_Task statement_. The records below must be returned exactly, with every picture left out.

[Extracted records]
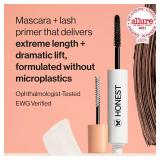 Honest Beauty 2-in-1 Extreme Length Clean Mascara Lash Primer Lengthening Volumizing Cruelty Free Safe for Sensitive Eyes Black .27 fl oz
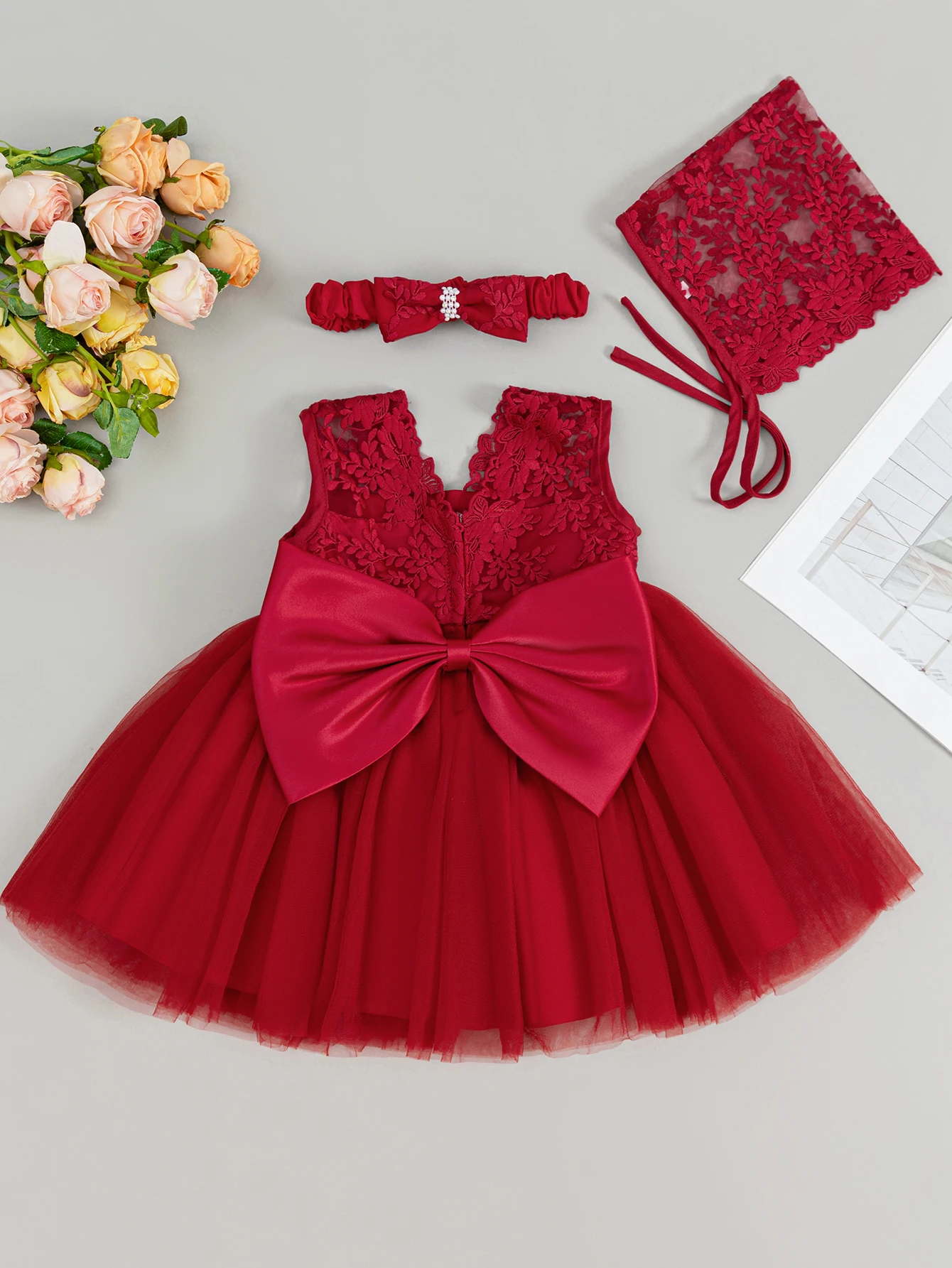 

A Birthday Party Wedding Dress Tailored Specifically For Girls Aged 0-2 Years Old Puffy Gauze Red Dress Set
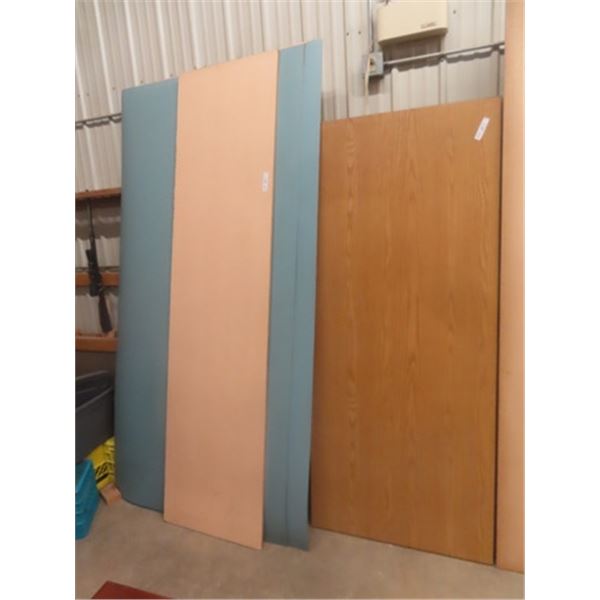 2 Solid Oak Doors 34" x 80" , 2 Laminated Wood Cupboards ; 4' x 8' + 2' x 8' , 2 Laminated Plaster P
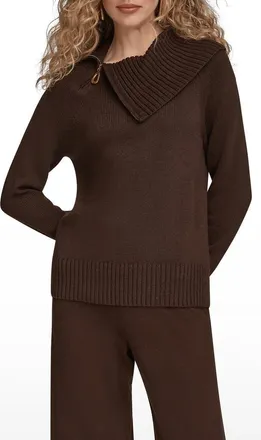 DKNY Asymmetric Zip Collar Sweater in Chocolt Pl at Nordstrom, Size X-Large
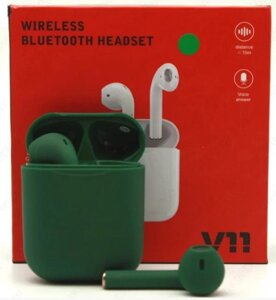 Бездротові навушники V11 TWS Bluetooth 5.0 з кейсом Green в Київській області от компании shop-shap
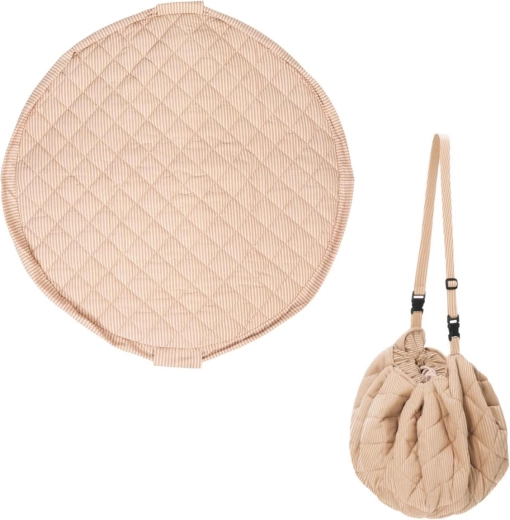 Play&Go Noomad Soft mīksts spēļu paklājiņš un rotaļlietu maiss stripes brown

_Exercise output_.
 Honest Beauty 2-in-1 Extreme Length Clean Mascara Lash Primer Lengthening Volumizing Cruelty Free Safe for Sensitive Eyes Black .27 fl oz

A Birthday Party Wedding Dress Tailored Specifically For Girls Aged 0-2 Years Old Puffy Gauze Red Dress Set
 2 Solid Oak Doors 34" x 80" , 2 Laminated Wood Cupboards ; 4' x 8' + 2' x 8' , 2 Laminated Plaster P
 DKNY Asymmetric Zip Collar Sweater in Chocolt Pl at Nordstrom, Size X-Large
 Бездротові навушники V11 TWS Bluetooth 5.0 з кейсом Green в Київській області от компании shop-shap
 Play&Go Noomad Soft mīksts spēļu paklājiņš un rotaļlietu maiss stripes brown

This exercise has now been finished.